Corporate America is starting to route AI agent tasks to the cheapest model that can handle them, and the numbers suggest frontier labs should pay attention. CNBC reported Thursday that enterprises deploying AI agents are shifting from running all work on premium models to intelligent routing layers that match task complexity to model capability, cutting token spend by 40 to 60 percent.

The Cost Math That Broke the Default

The problem is straightforward: most companies defaulted to the most powerful model for every query, regardless of complexity. Glean CEO Arvind Jain told CNBC that roughly 95% of enterprise AI usage still runs on the most expensive frontier models, even for tasks cheaper alternatives handle easily.

Cisco’s numbers illustrate why that default is unsustainable. Chief Product Officer Jeetu Patel laid out the arithmetic: at roughly $200 of token usage per employee per week, that scales to about $10,000 per person annually. For a company with 90,000 employees, the annual bill approaches $900 million. Patel told CNBC that Cisco came in well over its own budget and has had to reallocate resources, prioritizing token spend over other costs as 30,000 engineers now build products written largely with AI.

How Routing Works

Cognition CEO Scott Wu, whose company builds the coding agent Devin, described the gain to CNBC: for boilerplate work, companies can get five to ten times better cost efficiency using models that are still good enough for the task. His example was pointed: ask any model to name the third U.S. president, and whether it costs $4 or $0.50 per million tokens, the answer is Thomas Jefferson.
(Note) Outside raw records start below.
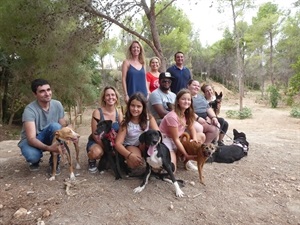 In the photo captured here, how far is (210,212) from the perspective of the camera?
238 centimetres

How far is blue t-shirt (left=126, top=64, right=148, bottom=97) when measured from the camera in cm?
378

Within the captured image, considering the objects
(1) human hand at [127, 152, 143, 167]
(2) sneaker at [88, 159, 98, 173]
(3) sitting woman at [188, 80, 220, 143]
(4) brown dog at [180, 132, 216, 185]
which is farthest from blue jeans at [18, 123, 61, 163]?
(3) sitting woman at [188, 80, 220, 143]

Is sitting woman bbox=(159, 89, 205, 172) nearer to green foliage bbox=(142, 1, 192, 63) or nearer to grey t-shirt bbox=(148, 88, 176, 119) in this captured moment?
grey t-shirt bbox=(148, 88, 176, 119)

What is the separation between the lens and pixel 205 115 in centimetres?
395

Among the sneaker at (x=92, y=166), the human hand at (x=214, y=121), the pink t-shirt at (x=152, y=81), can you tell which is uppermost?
the pink t-shirt at (x=152, y=81)

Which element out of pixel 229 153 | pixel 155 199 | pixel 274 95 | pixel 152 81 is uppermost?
pixel 152 81

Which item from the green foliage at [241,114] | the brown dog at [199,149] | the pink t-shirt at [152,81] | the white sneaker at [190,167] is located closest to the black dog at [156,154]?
the brown dog at [199,149]

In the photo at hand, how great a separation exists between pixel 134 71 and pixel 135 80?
0.44 ft

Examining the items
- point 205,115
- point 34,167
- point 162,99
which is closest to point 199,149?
point 162,99

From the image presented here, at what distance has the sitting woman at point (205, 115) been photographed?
12.4 ft

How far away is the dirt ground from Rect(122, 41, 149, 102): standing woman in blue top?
1.32 meters

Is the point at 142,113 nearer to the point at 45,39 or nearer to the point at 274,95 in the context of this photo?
the point at 45,39

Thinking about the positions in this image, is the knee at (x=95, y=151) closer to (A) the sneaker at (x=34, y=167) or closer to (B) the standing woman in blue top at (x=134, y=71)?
(A) the sneaker at (x=34, y=167)

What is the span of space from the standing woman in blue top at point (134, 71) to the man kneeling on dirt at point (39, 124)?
112 centimetres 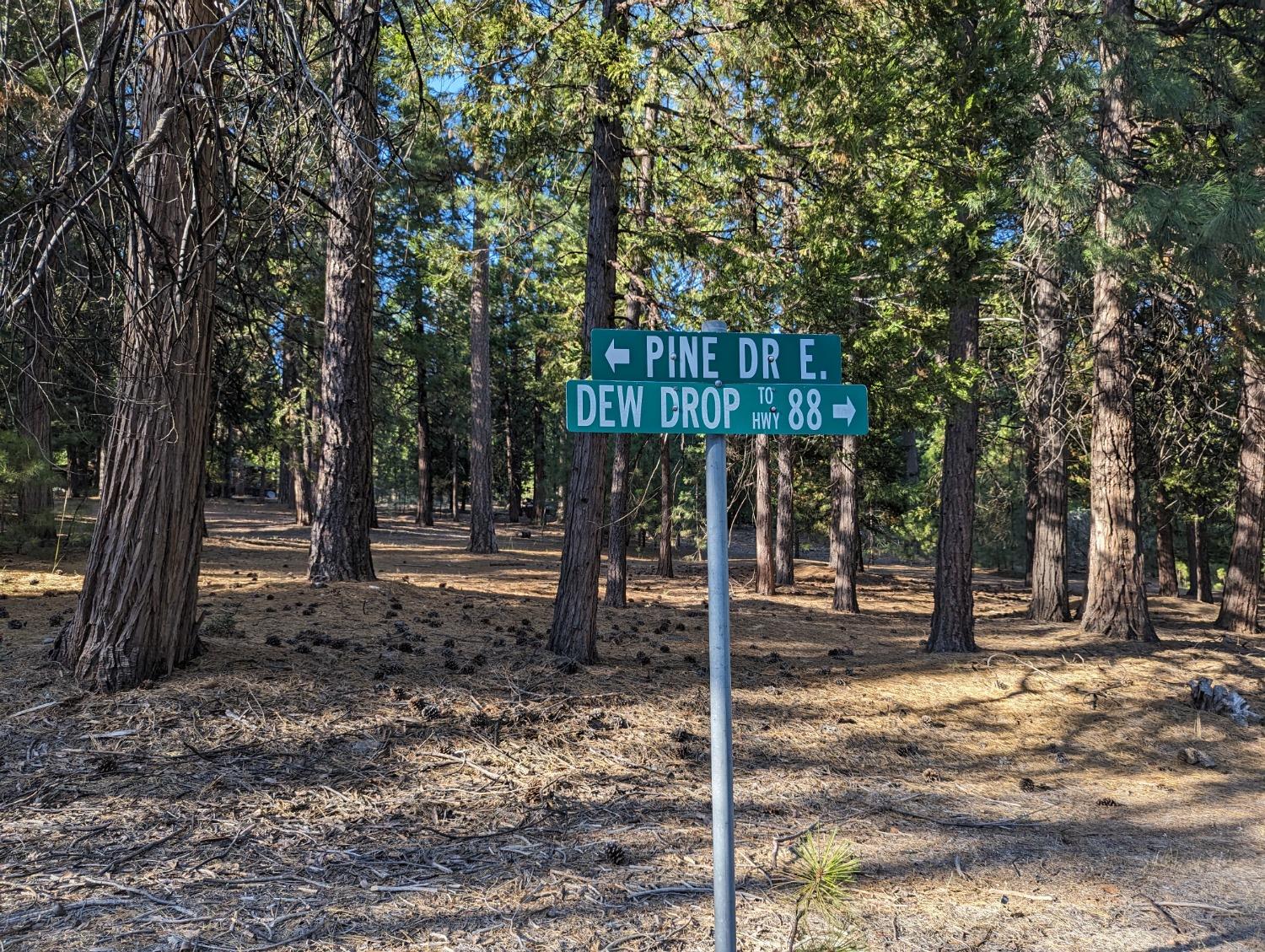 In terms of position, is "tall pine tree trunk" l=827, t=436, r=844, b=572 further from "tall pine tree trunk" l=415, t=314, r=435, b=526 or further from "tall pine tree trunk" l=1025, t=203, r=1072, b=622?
"tall pine tree trunk" l=415, t=314, r=435, b=526

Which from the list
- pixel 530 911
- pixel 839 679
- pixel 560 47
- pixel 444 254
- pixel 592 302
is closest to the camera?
pixel 530 911

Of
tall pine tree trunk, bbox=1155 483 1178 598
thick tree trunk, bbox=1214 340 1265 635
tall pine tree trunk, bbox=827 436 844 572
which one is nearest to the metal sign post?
tall pine tree trunk, bbox=827 436 844 572

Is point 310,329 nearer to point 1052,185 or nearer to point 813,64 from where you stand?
point 813,64

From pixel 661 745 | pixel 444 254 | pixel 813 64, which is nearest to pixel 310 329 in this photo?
pixel 444 254

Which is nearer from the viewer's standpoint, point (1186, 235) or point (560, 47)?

The routing concept is already shipping as product. Factory AI launched Factory Router on June 1, according to Startup Fortune, claiming 20 to 25 percent cost reduction while preserving 99% of Claude Opus 4.7’s pass rate on Terminal-Bench 2. More aggressive routing dropped performance to 81% of Opus at 56% of the cost. Perplexity AI announced a hybrid local-server inference orchestrator at Computex 2026 that automatically routes agent tasks between on-device and cloud models.

The Revenue Threat

The business model risk is clear. OpenAI and Anthropic built their businesses, and the IPO expectations around them, on the assumption of enormous demand at premium prices. If enterprises widely adopt routing, both companies lose their “run everything on Claude or GPT” tax on every task.

Patel told CNBC he does not think routing sinks the frontier labs, and that cutting-edge technology will remain valuable. But he sees the pricing model shifting: the labs will have to get more efficient with how the models are used rather than simply charging more.

Cognition is responding to the ROI pressure from a different angle. The company announced an “AI productivity guarantee”: if Devin delivers less engineering value than a customer pays for, Cognition will fund usage up to $10 million until performance catches up. Wu told CNBC that companies should be measuring output, not activity. “You can spend billions of tokens and be doing nothing with it,” he said.

The Valuation Question

Pricing power is shifting from the companies selling premium AI toward the companies buying it. The frontier labs will still command a premium for the hardest work. The question CNBC poses is how much of the market is “the other stuff,” the routine classification, extraction, formatting, and retrieval that agents do thousands of times per day. If most agent tasks are simple ones, and routing sends those to $0.50 models instead of $4 models, the total addressable revenue for frontier labs shrinks significantly. For OpenAI and Anthropic, both preparing for public markets, the answer determines whether current valuations hold.